I also tried it on my Macbook (with 1.7), and it looked like the relative amount of time spent in ^ was indeed also shorter there, although overall performance was abysmal. I’m not sure I can trust the profiler there, it’s showing the majority of time spent in top-level functions named .L10, .L999, and similar that I have no idea what they mean. I’d guess this maybe has to do with Rosetta (I haven’t had time yet to really look into the M1 support in 1.7).
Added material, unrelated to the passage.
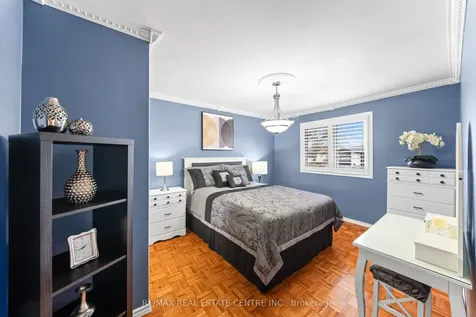 24 Linkdale Road Brampton ON L6V 2Y4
It doesn’t matter that much, since anything serious is going to run on the Linux workstation.

The overall algorithm is still much slower than it should be, but now that Hessenberg diagonalization is the slowest part, so I’ll have a look at that next. Also, I might have to be a bit more thorough with my Fortran benchmarking, maybe try gfortran instead of ifort. For one of the other methods in QuantumPropagators that’s far less involved (but limited to Hermitian matrices), I got the Julia code to be exactly as fast as the Fortran with compiled gfortran (which was a factor of two slower than ifort). I was hoping to get something similar here.

I’ll keep twiddling the code, and maybe also see how some of the existing Julia solutions like ExpoKit perform (I’m just implementing my old true-and-tested methods first to have something to fall back on that I know exactly what it’s doing)
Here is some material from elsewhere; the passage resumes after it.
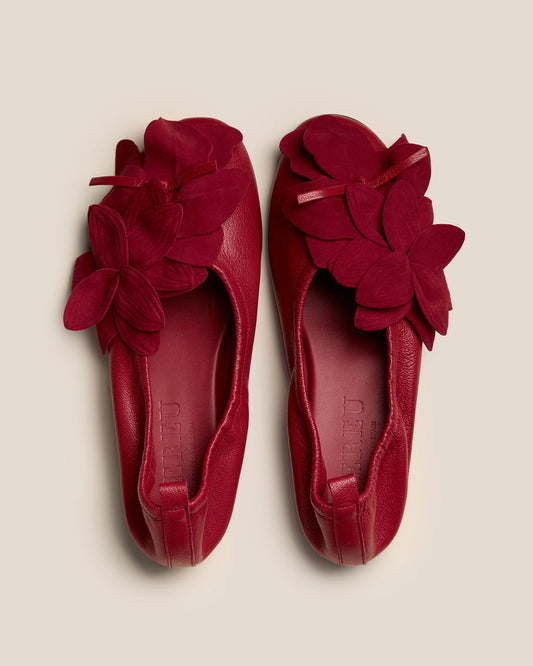 FLORIDA - Flower-Detail Mid-Heel Pump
https://github.com/JuliaLang/julia/pull/44717#issue-1178579501 isn’t in 1.8. That will be a future speedup in 1.9. The part that did go into 1.8 is https://github.com/JuliaLang/julia/pull/42271

2 Likes

Ah! Should I try the Nightly?

Note that the PR isn’t merged yet. To see the change, you would have to build the PR from source. Also I’m planning on making a number of changes before this merges (that hopefully will have small to no performance impact for this) before it merges. Also, in the next few weeks I should have a PR that speeds up exp by 1-2 ns that will also help this.

1 Like

Also…

julia> const libm6 = "/usr/lib64/libm.so.6"
"/usr/lib64/libm.so.6"

julia> syspow(x,y) = @ccall libm6.pow(x::Float64, y::Float64)::Float64
syspow (generic function with 1 method)

julia> @btime syspow($(Ref(2.3))[],$(Ref(1.2))[])
  15.675 ns (0 allocations: 0 bytes)
2.716898432499149

So, actually, system libm is fast on Linux.

If it isn’t the system libm, which pow is Julia actually calling on 1.6 and 1.7, and why is it different on Windows, Mac, and Linux???

Wait, that’s really weird. Are 1.6 and 1.7 calling an LLVM specific pow somehow?

Apparently, but why would that be different on each OS?